## [Assigned task]
Below is a block of records: output all of them exactly and leave out the pictures.

## [Source records]
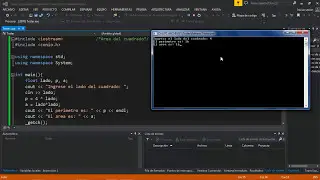 Área y Perímetro de un cuadrado || C++ || Visual Studio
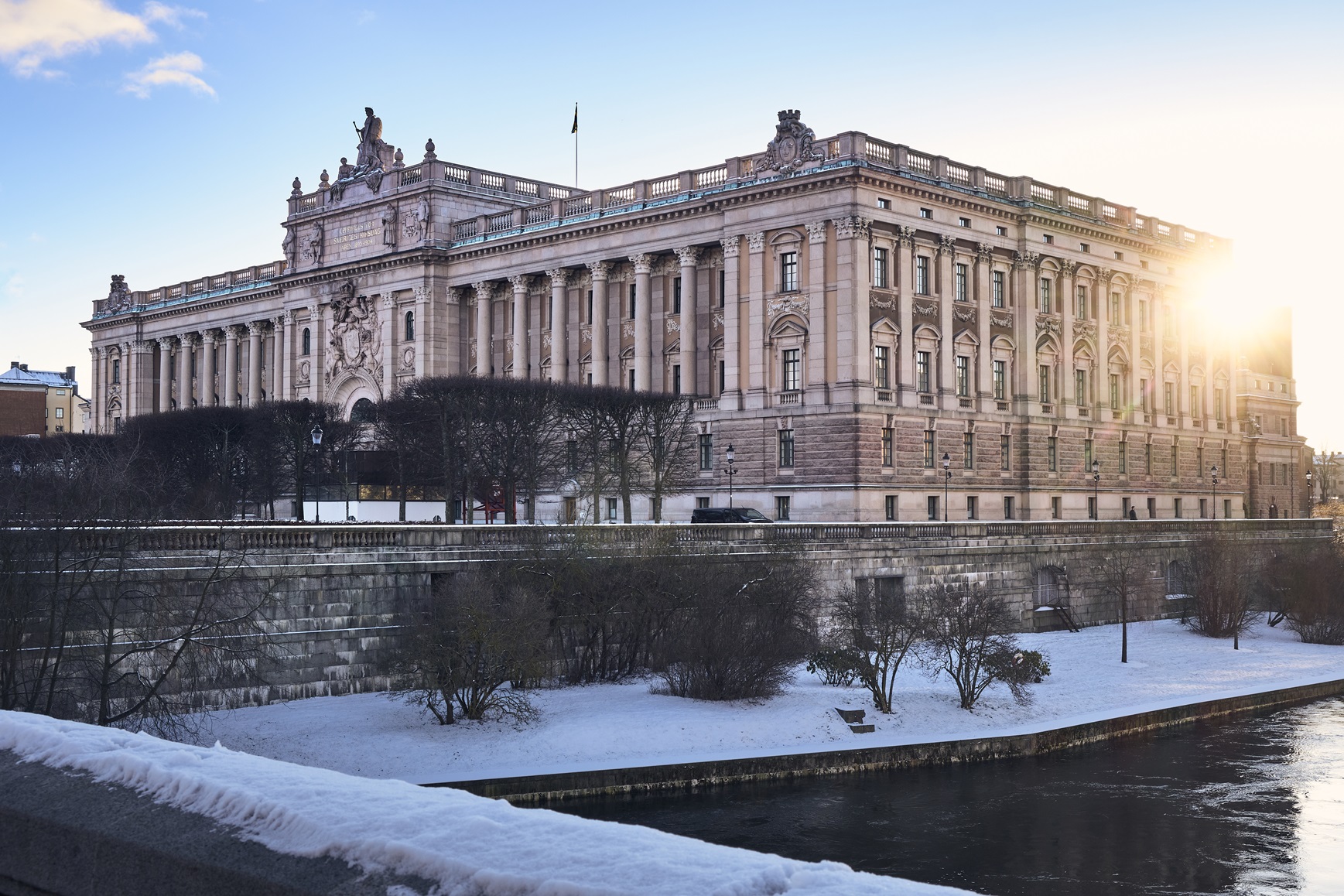 Två män med kopplingar till en islamistisk terrorgrupp misstänks ha planerat en terrorattack mot riksdagen i Sverige. Foto: Johan Landquist Luxemburg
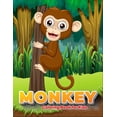 thumbnail image 1 of Monkey coloring book for Kids: Kids Coloring Book with 30 Unique Pages to Color on Monkeys, (Paperback), 1 of 1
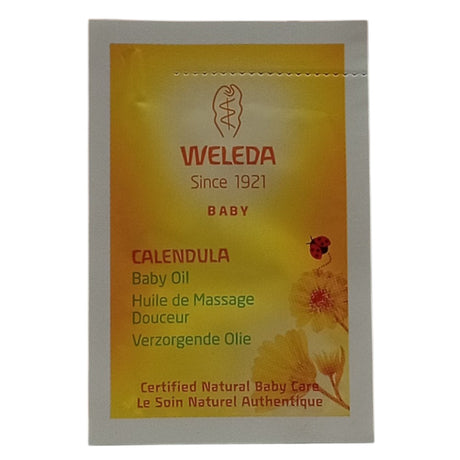 Weleda, Baby, Calendula, Hydrating & Repairing, Marigold, Body Oil, Day, 2 ml *Sample - Feel You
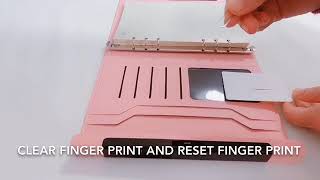 finger print lock notebook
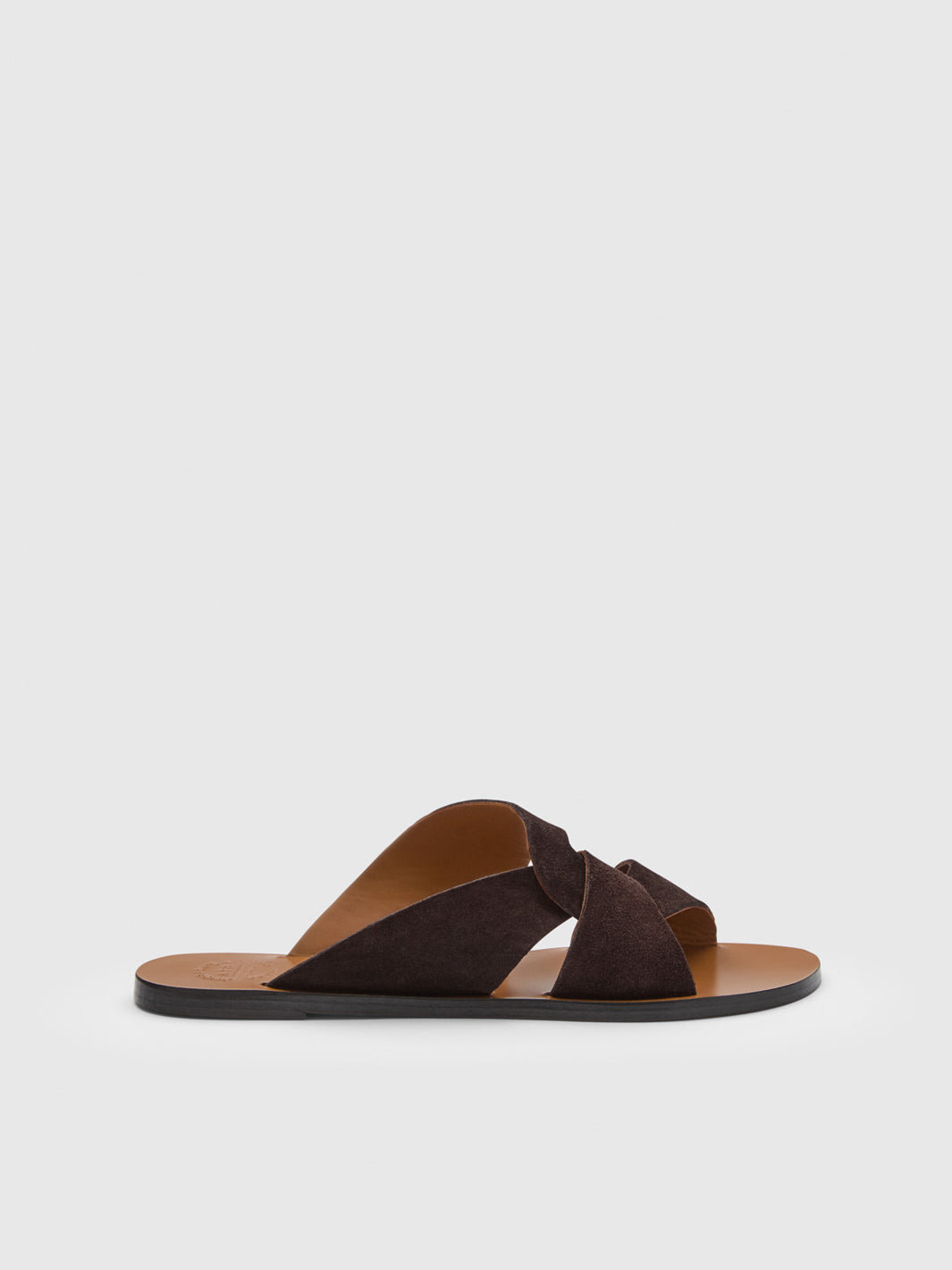 Allai Walnut Suede Flat sandals
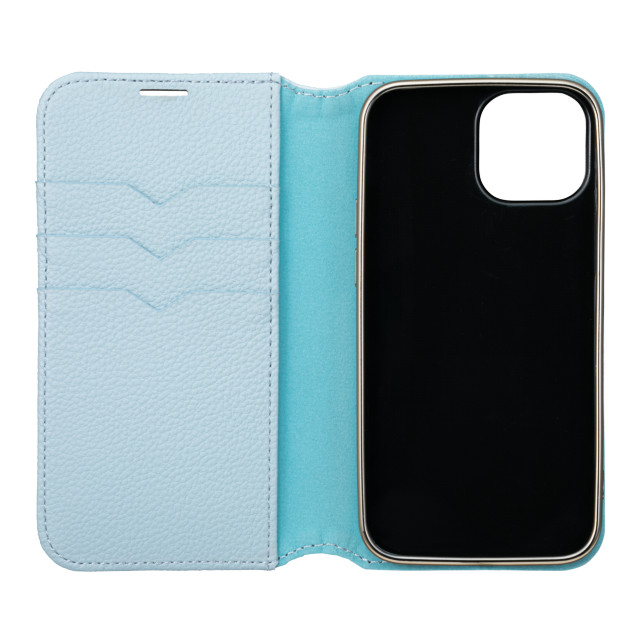 【アウトレット】【iPhone13 mini/12 mini ケース】“Shrink” PU Leather Book Case (Light Blue)サブ画像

## [Answer]
 Área y Perímetro de un cuadrado || C++ || Visual Studio
 Två män med kopplingar till en islamistisk terrorgrupp misstänks ha planerat en terrorattack mot riksdagen i Sverige. Foto: Johan Landquist Luxemburg
 thumbnail image 1 of Monkey coloring book for Kids: Kids Coloring Book with 30 Unique Pages to Color on Monkeys, (Paperback), 1 of 1
 Weleda, Baby, Calendula, Hydrating & Repairing, Marigold, Body Oil, Day, 2 ml *Sample - Feel You
 finger print lock notebook
 Allai Walnut Suede Flat sandals
 【アウトレット】【iPhone13 mini/12 mini ケース】“Shrink” PU Leather Book Case (Light Blue)サブ画像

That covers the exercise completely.